Opinions of Thursday, 12 November 2020

Columnist: Daasebre Prof. Oti Boateng

Winning a Presidential Election – ‘50 percent plus one vote’ has no legal basis

File photo of a voting process File photo of a voting process

The number of votes needed to win a Presidential Election in Ghana is stipulated in article 63 (3) of the constitution as follows: “A person shall not be elected as President of Ghana unless at the presidential election the number of votes cast in his favour is more than fifty per cent of the total number of valid votes cast at the election.”

In spite of this clear and unambiguous constitutional provision, the Electoral Commission introduced an invalid construct, the so-called “50 per cent plus one vote” rule, as a proxy for the true constitutional provision stated above. This paper provides further illumination to illustrate why the construct is invalid with no legal basis to support it.

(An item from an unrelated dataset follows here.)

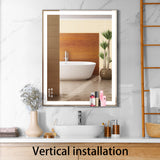 48x24 inch LED bathroom makeup mirror wall mounted adjustable light anti fog touch switch with memory intelligent large bathroom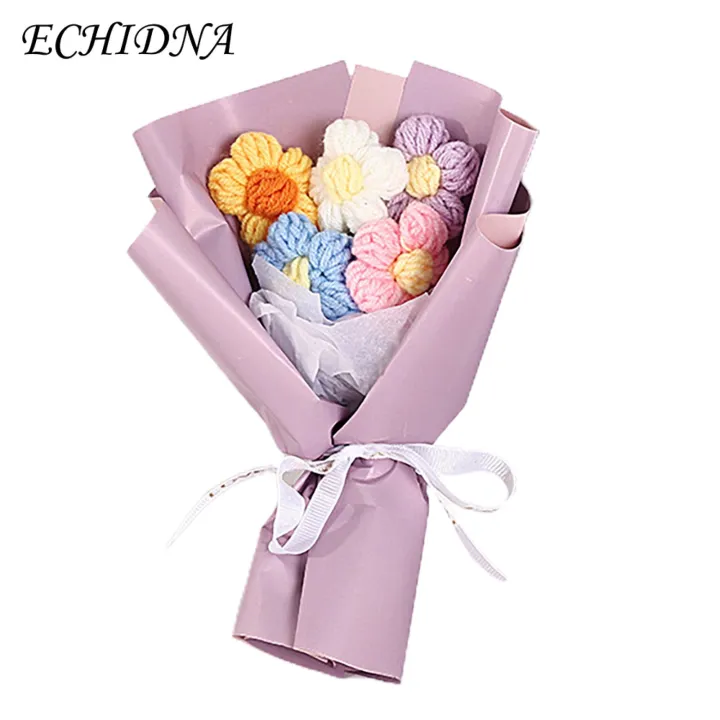 ECHIDNA%20Crochet%20Flower%20Bouquet%20Vibrant%20Color%20Colorful%20Hand%20Woven%20Flower%20Bouquet%20Valentine's%20Day%20Gift%20-%20Image%203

It is also written to enrich the public debate on this critical electoral issue of electing the President of Ghana with a view to ensuring credible and peaceful election outcomes. Above all and in the parlance of Edmund Burke, it is written: “to promote the good purposes for which elections have been instituted and to prevent their inconveniences”.

The Invalid Construct

Among the reasons why “50 per cent plus one vote” is an invalid construct are:

a). that the two components of the construct are non-additive since percentages and natural numbers cannot be added unless prior conversion is made from one state to the other,


b) that once the 50 per cent of the total valid votes cast in an election is obtained, there is no valid vote or votes left anywhere behind to be added to the 50 per cent thereafter, and

c). that in all cases where the total number of valid votes cast in an election is an odd number, it is impossible for any contesting candidate to obtain exactly 50 per cent of the votes thus rendering the 50 per cent component part of the construct inoperative and invalid.

Misuse of a Fixed-Point to Define an Interval

The constitutional provision requiring “more than 50 per cent of the total number of valid votes cast” to win a presidential election effectively defines an interval of percentages rather than a fixed-point within the valid percentages. It specifies a winning range from just above 50 per cent up to and including 100 per cent with countless number of winning possibilities within the interval. It effectively puts any consideration of the winning range in the realm of mathematical inequalities within an interval rather than in the familiar comfort zone of fixed-point equations.

This range of winning possibilities cannot be represented or defined by any fixed-point since such a point will ignore all the other winning possibilities within the range immediately before and after the said fixed-point.

Such a process will, in effect, fail to fulfil the sufficiency criterion of a true representation. In general, a fixed-point cannot be used to define a whole range of interval since that process ignores all other winning and valid possibilities outside the particular fixed-point but effectively within the valid range.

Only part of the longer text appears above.